Appeal by the defendant from a judgment of the Supreme Court, Kings County (Pincus, J.), rendered May 24, 1983, convicting him of murder in the second degree and manslaughter in the first degree, upon a jury verdict, and imposing sentence. The appeal brings up for review the denial, after a hearing, of that branch of the' defendant’s omnibus motion which was to suppress his statements to, and items seized by, law enforcement authorities.
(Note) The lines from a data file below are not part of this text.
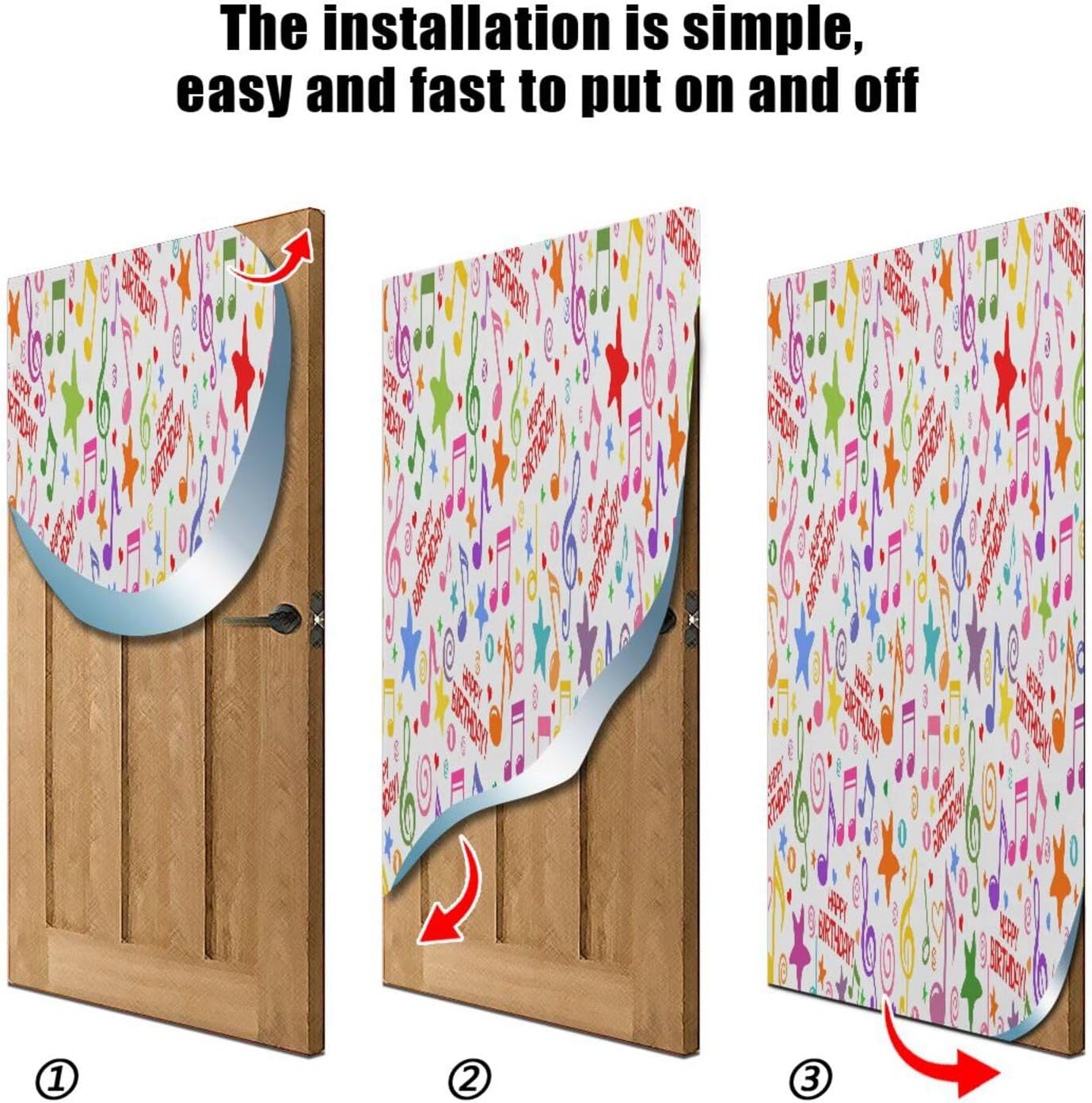 Susiyo Colorful Musical Notes Halloween Door Cover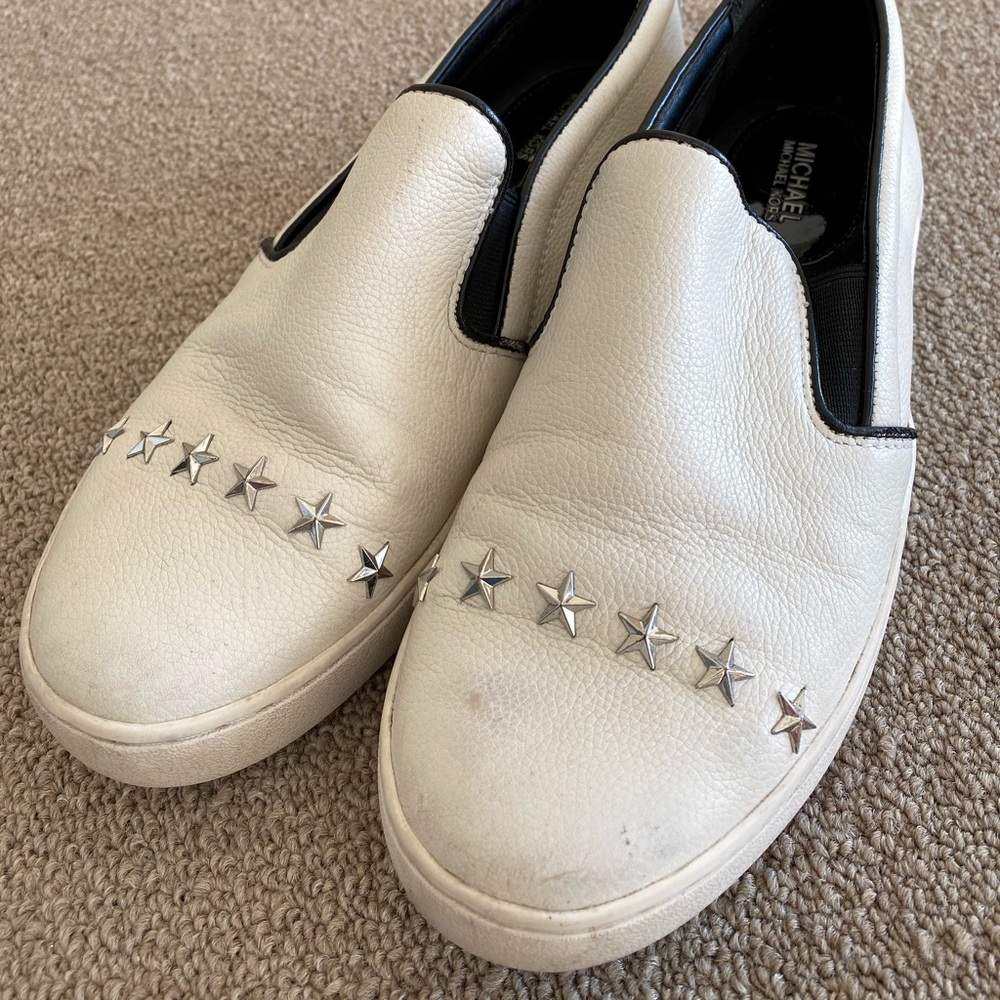 MK white and black starred sneakers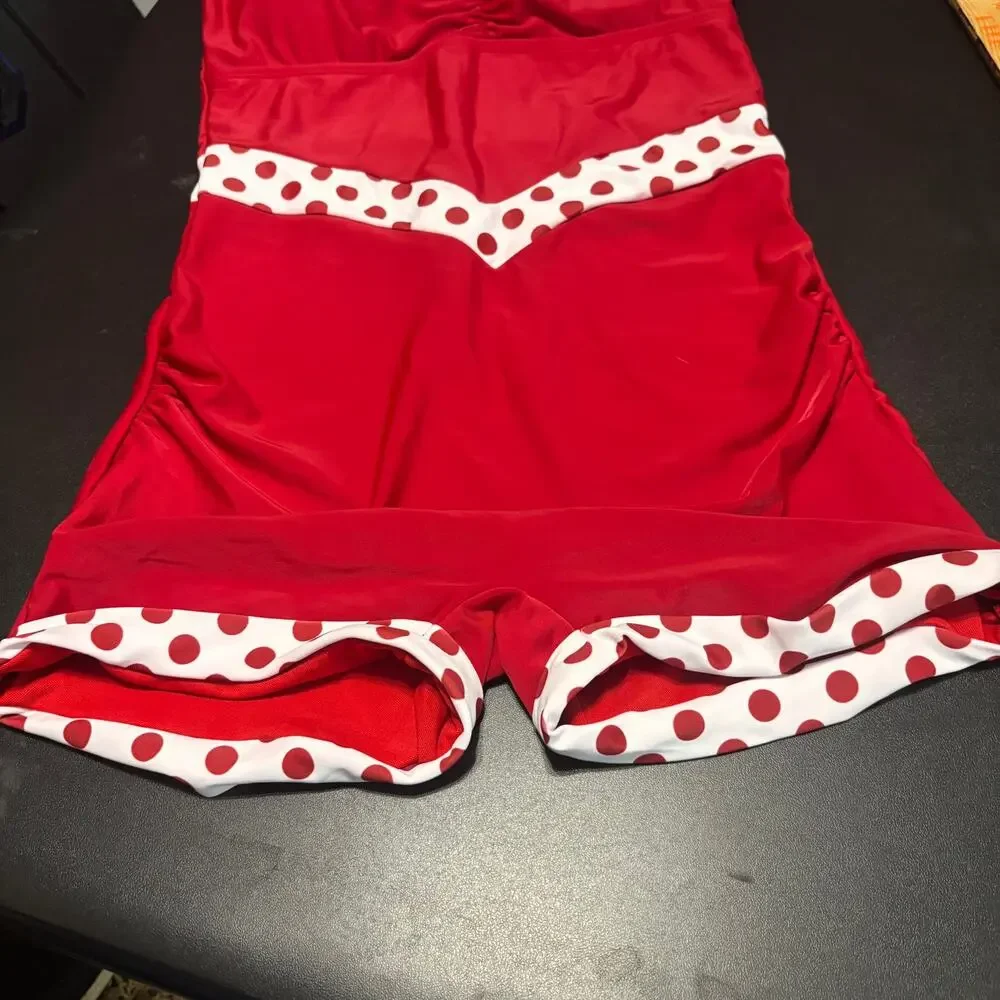 Retro Stage Red Polka Dot Swimdress One Piece Swimsuit Pin Up Rockabilly L NWT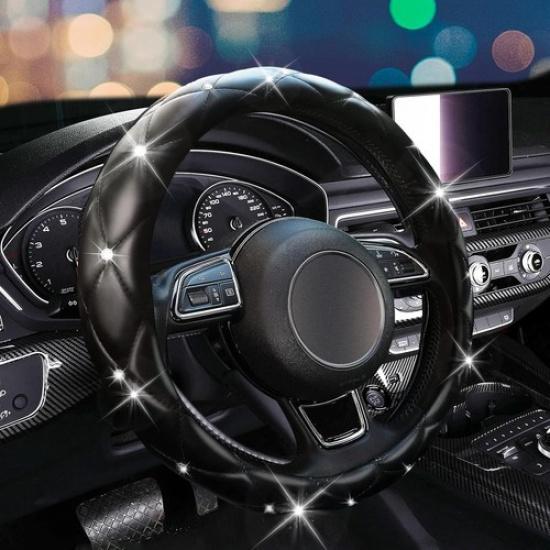 Black Steering Wheel Cover 2025, Cute Girly Diamond Bling Comfort Leather black
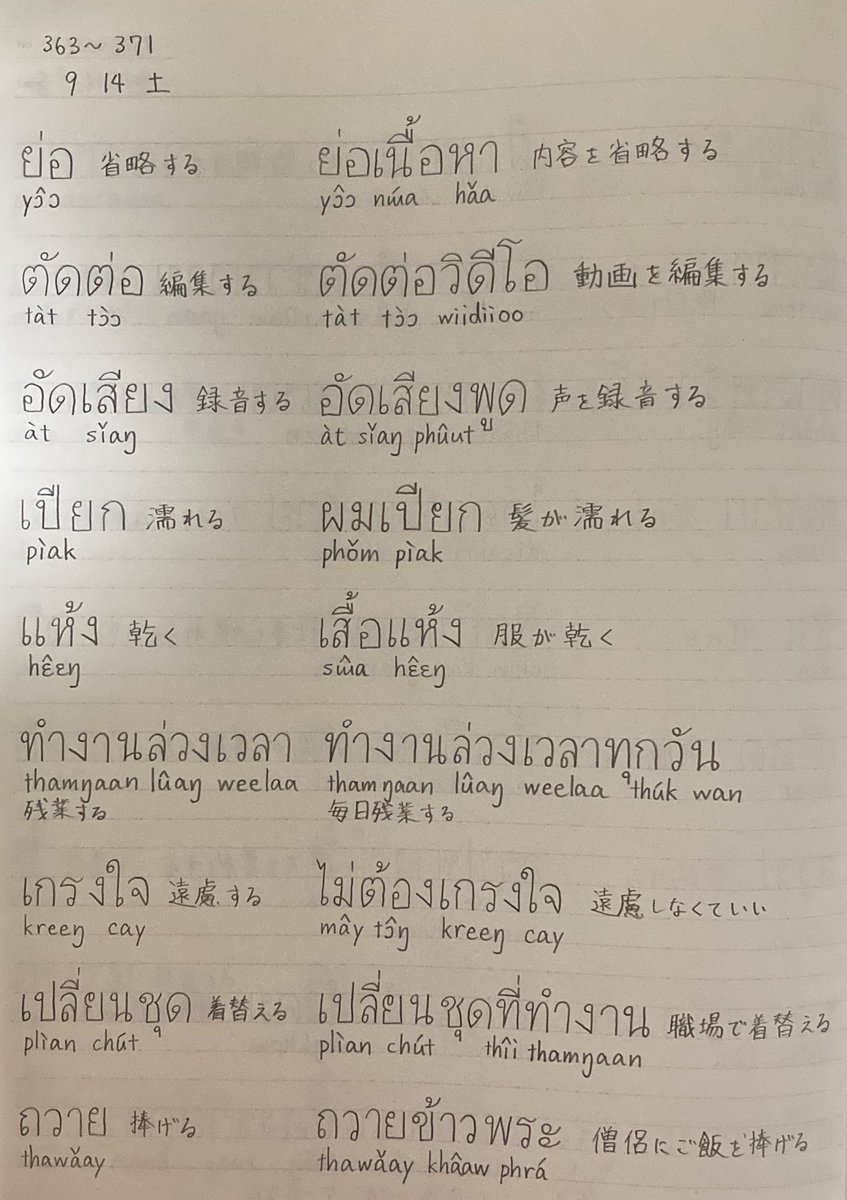 mika_foreignlan's tweet photo. 9/14(土)の学習
約1時間半
・Drops
・動詞363〜371(9つ)
ย่อ 省略する
ตัดต่อ 編集する
อัดเสียง 録音する
เปียก 濡れる
แห้ง 乾く
ทำงานล่วงเวลา 残業する
เกรงใจ 遠慮する
เปลี่ยนชุด 着替える
ถวาย 捧げる
#タイ語学習
#day93
#2month
#タイトレさんの動詞600 https://t.co/KKbpUlSd1b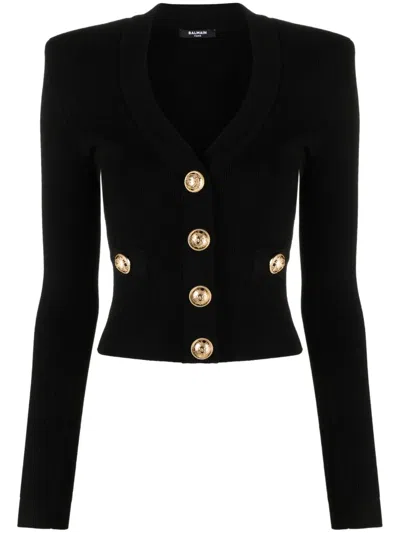 Balmain Black Fitted Cardigan With V Neckline And Jewel Buttons In Knit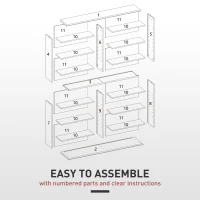 HOMCOM 16-Compartment Media Shelf - Black(m-7)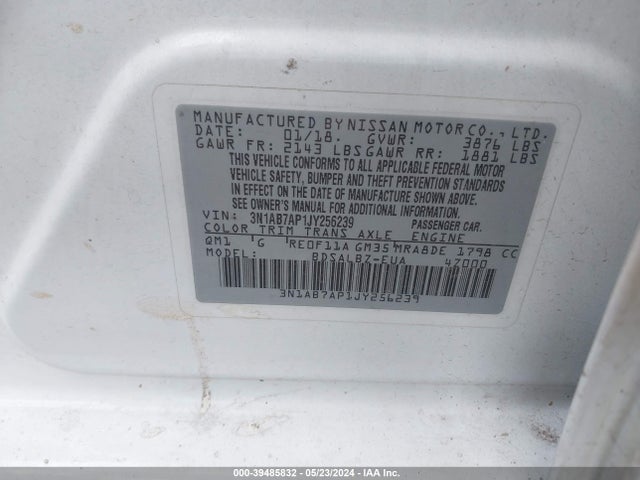 Nissan SENTRA S 2018 3N1AB7AP1JY256239 Image 9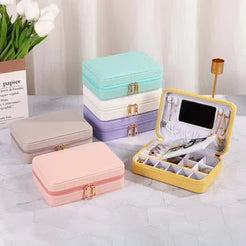 Zipper Jewelry Storage Box With Mirror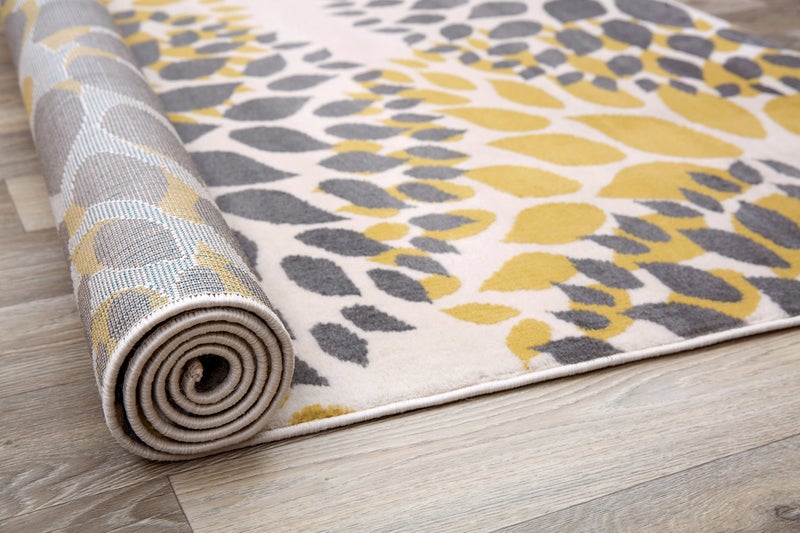 Rugshop Modern Yellow Floral Circles Design Area Rug â€“ Elegant Non-Shedding, 2' x 3' for Living Room, Bedroom, Dining Room, Kitchen - Image 3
Ordered that the judgment is affirmed.
The evidence adduced at the suppression hearing amply supports the hearing court’s determination that the defendant’s statements to law enforcement officials were admissible. The defendant had accompanied a two-year-old child to the hospital where the child died that same afternoon. After being advised by a doctor that the child had some lacerations and possibly died of internal bleeding, a police detective questioned the defendant at the hospital. Such on-the-scene noncustodial questioning of a witness is investigative in nature and does not require that the Miranda warnings be given (see, e.g., People v Yukl, 25 NY2d 585, cert denied 400 US 851; People v Dorsey, 118 AD2d 653, lv denied 67 NY2d 1052).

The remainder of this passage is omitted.